Tinha catorze anos quando a minha família desapareceu atrás das portas de vidro do Aeroporto Internacional do Dubai, deixando-me sozinha no meio de vozes desconhecidas, luzes frias e regras indiferentes.
Tudo começou quando o meu irmão mais velho decidiu “fazer uma brincadeira”, porque a sua inveja das minhas notas se revelou mais forte do que o bom senso e a responsabilidade fraterna.

Pegou no meu passaporte “só por um minuto”, sorriu, misturou-se na multidão, e só depois do check-in é que percebi que aquela brincadeira se tinha tornado uma armadilha.
Gritei, corri, implorei para que a equipa fizesse alguma coisa, mas os aviões não voltam por causa das lágrimas de uma adolescente.
O meu telemóvel estava sem sinal, a minha carteira tinha desaparecido, e a fome substituiu gradualmente o pânico, transformando o medo num vazio sufocante e opressivo.
Estava sentada num banco, com os joelhos encolhidos junto ao peito, tentando esconder-me, quando um homem se aproximou.
Era árabe, falava com calma e segurança, como se soubesse mais sobre mim do que eu própria. Ele disse:
“Foi abandonada?” — e estas palavras assustaram-me mais do que a solidão.
Congelei.
“Como é que sabe?”
“Porque está à espera de alguém que não vai chegar”, respondeu.
Deu-me água e comida e olhou para mim como se a decisão já estivesse tomada.
“Vem comigo. Confia em mim. Eles vão arrepender-se.”
Aos catorze anos, aprende-se a desconfiar de estranhos, mas, por vezes, a confiança parece ser a única saída.
E eu fui-me embora com ele…
E quatro horas depois, a minha família já deveria ter recebido uma chamada da segurança.

Essa ligação aconteceu mesmo. Não foi uma ameaça, um ato de vingança ou um segredo, como a minha família poderia ter imaginado, mas sim uma voz fria e oficial, daquelas que fazem tremer mais os joelhos dos adultos do que os das crianças de medo.
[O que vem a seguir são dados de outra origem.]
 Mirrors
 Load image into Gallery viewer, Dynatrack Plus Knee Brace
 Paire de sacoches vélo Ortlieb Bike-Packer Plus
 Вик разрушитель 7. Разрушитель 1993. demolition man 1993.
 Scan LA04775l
Pediram-lhes que regressassem imediatamente ao aeroporto e explicassem porque é que uma menor estava na zona de trânsito sem documentos, dinheiro ou acompanhante.
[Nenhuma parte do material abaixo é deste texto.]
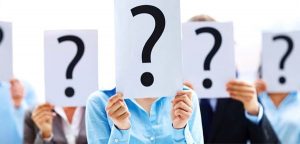Top 5 câu hỏi thường gặp khi tham gia bảo hiểm thất nghiệp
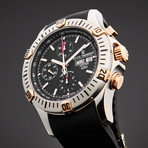 Revue Thommen Airspeed Xlarge Chronograph Automatic // 16071.6859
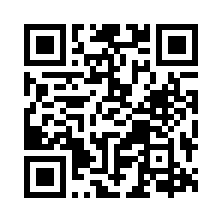 QR Code for 1NuoN1zSeBgb59TQzXmHH4YBLSCWNseUAz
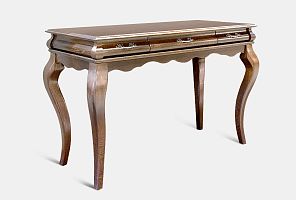 Стол туалетный (без надставки) 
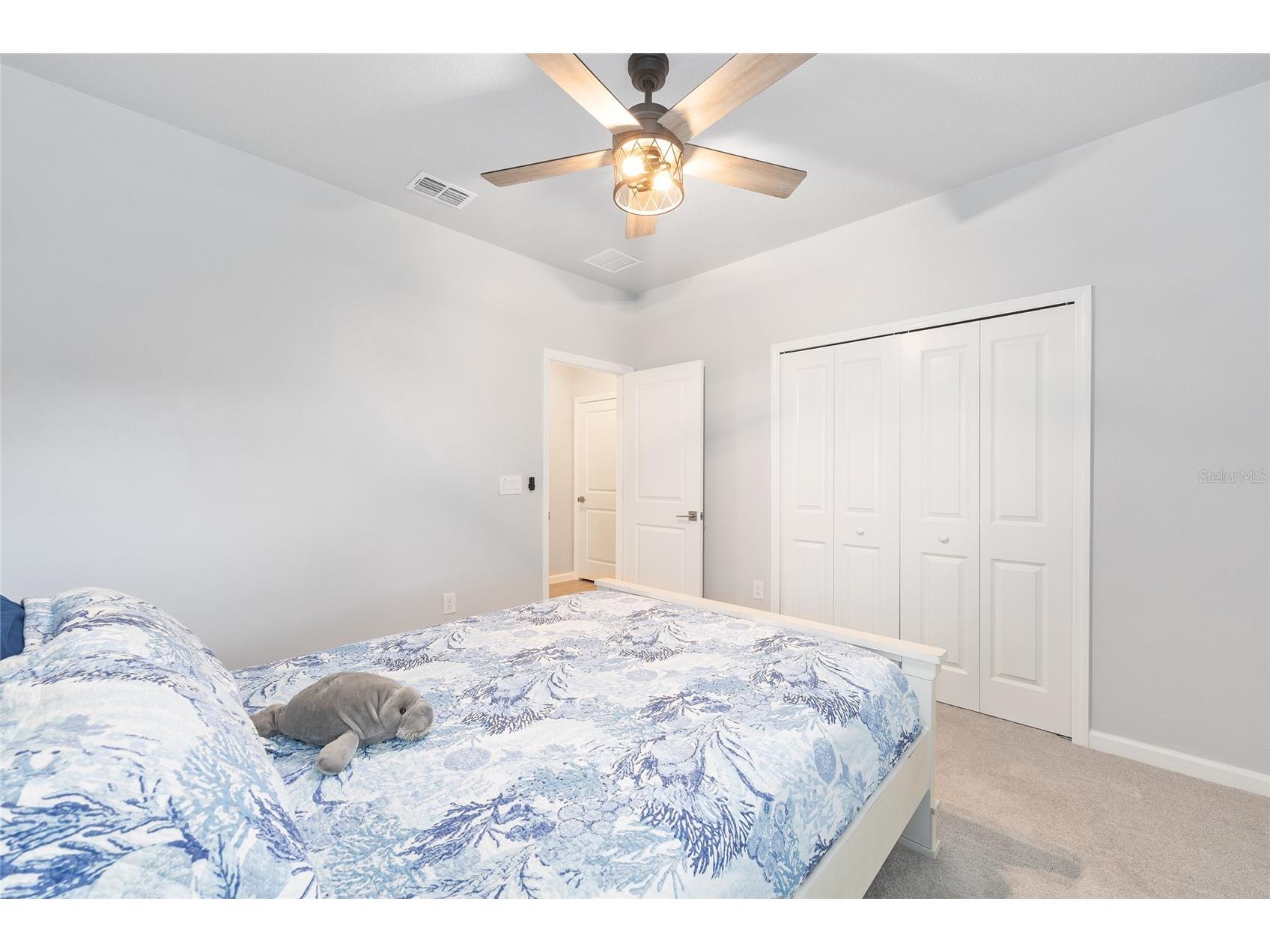 7834 SW 194th Court Dunnellon FL 34432 - RAINBOW RIVER OM715786 image28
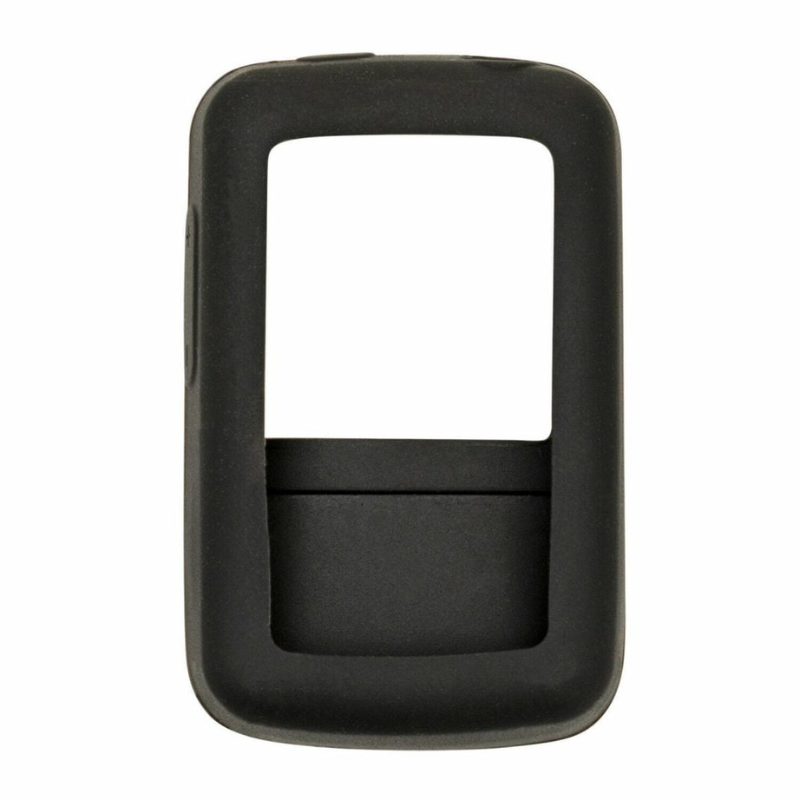 Samvix Glasba Silicone case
O homem que me acompanhava era, na verdade, intérprete e voluntário, trabalhando com os serviços locais e consulados.
Não reparou em mim por acaso: estas crianças sentam-se sempre da mesma maneira — demasiado quietas, demasiado direitas, demasiado sozinhas. Ele sabia que as palavras certas e as pessoas certas no lugar certo são mais assustadoras do que qualquer ato de vingança.
O meu irmão disse depois que foi apenas uma “brincadeira idiota”. Os meus pais estavam a chorar e a dar desculpas. Mas as brincadeiras acabam onde começa a responsabilidade, e foi isso mesmo que devem ter percebido numa só noite.
Fui devolvida à minha família, a papelada foi concluída e colocaram-me no voo seguinte. Nada de mal me aconteceu depois disso, mas podia ter acontecido.